Долго проспать не удается. В четыре утра Чонгук просыпается от истошного воя мобильного. Чон тихонько, чтобы не разбудить Чихо, выбирается из его объятий и идет на кухню. Чихо просыпается сразу, стоит перестать чувствовать горячее тело в руках. Когда У заходит на кухню, Чон стоит и стеклянным взглядом смотрит на мобильный в руках. Чонгук настолько бледен, что почти сливается с белой дверцей холодильника.
— Что произошло? — сиплым после сна голосом спрашивает Чихо.

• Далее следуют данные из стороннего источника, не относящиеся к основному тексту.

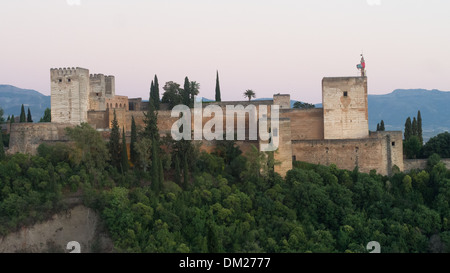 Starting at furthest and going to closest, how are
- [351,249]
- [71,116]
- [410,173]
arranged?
[71,116]
[410,173]
[351,249]

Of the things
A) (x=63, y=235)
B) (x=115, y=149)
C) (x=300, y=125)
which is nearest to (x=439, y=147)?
(x=300, y=125)

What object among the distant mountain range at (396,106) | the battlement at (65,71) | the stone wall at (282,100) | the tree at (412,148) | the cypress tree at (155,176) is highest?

У понятия не имеет, кто звонил, почему посередине ночи, но одного взгляда на брата хватает, чтобы понять, что случилось что-то ужасное.
— Там… Мне надо… — Чонгук шепчет через слово и с паузами, еле слышно проговаривая окончания, и потерянно то поднимая, то опуская ладонь, а сам даже не замечает, как уголки глаз наполняются слезами, и голос окончательно срывается. — Мне надо пойти…
Чон резко приходит в себя, бросается в спальню и роется в шкафу. Губы бескровные совсем и трясутся, он жмурится и заталкивает обратно не прошеные слезы, затыкает рот ладошкой, лишь бы не завыть. Чихо молча следит за его метаниями и тоже одевается. Чонгук ищет какие-то бумаги или деньги, Чихо не понимает. У того все из рук валится, и, кажется, он на грани полноценной истерики. Чихо перехватывает младшего, сильно трясет за плечи и повторяет заданный на кухне вопрос. Чонгук смотрит, словно сквозь, просит пустить и повторяет, что ему надо идти. Чихо берет куртку, тащит парня к машине и, усадив на сиденье, пристегивает ремнем безопасности, попутно выспрашивая адрес.
— В больницу, — отвечает Чонгук, с трудом заставляет себя назвать район и смотрит на свои руки, которые дрожат, как руки наркомана.
У молча заводит машину, выруливает со двора и в правой руке зажимает обе ладони брата, пытаясь унять эту пугающую и неподвластную ему дрожь. Зовет его по имени, но Чонгук не реагирует совсем. Молчит куда дольше, чем стоило бы, давит пальцами сильнее, чем хотел бы, и смотрит в одну точку взглядом намного потерянней, чем когда-либо до. Чонгук будто бы стирается прямо в эти самые секунды, захлебывается в собственной крови и крошится в руках Чихо так стремительно, что он удержать не может. А потому давит на газ вдвойне, понимая, что иногда боль приходит совсем с другой стороны. Оттуда, откуда не ждешь. Не знаешь даже. Просто в одну единственную секунду мир трескается и опадает мелкой соленой пыльцой. Тает в капельках крови, которые почти осязаемо сочатся по всей поверхности кожи Чонгука, и Чихо не может это контролировать. Чонгук же вообще ничего не может контролировать. Чего бы он ни касался — вне его власти, уходит сквозь пальцы, только следы оставляет. У него же даже ладони все в ожогах и пальцы тоже. На каждом горит и плавится свой знак. Не забыть — не отпустить. И сейчас ему кажется, словно все повторяется. Он касается и ломает. Все вокруг ломается. Чонгук — в том числе. Он закрывает глаза, отгораживаясь от мира: это все не с ним. Просто потому, что с него уже хватит, Чонгук не хочет проходить это заново. Слишком больно.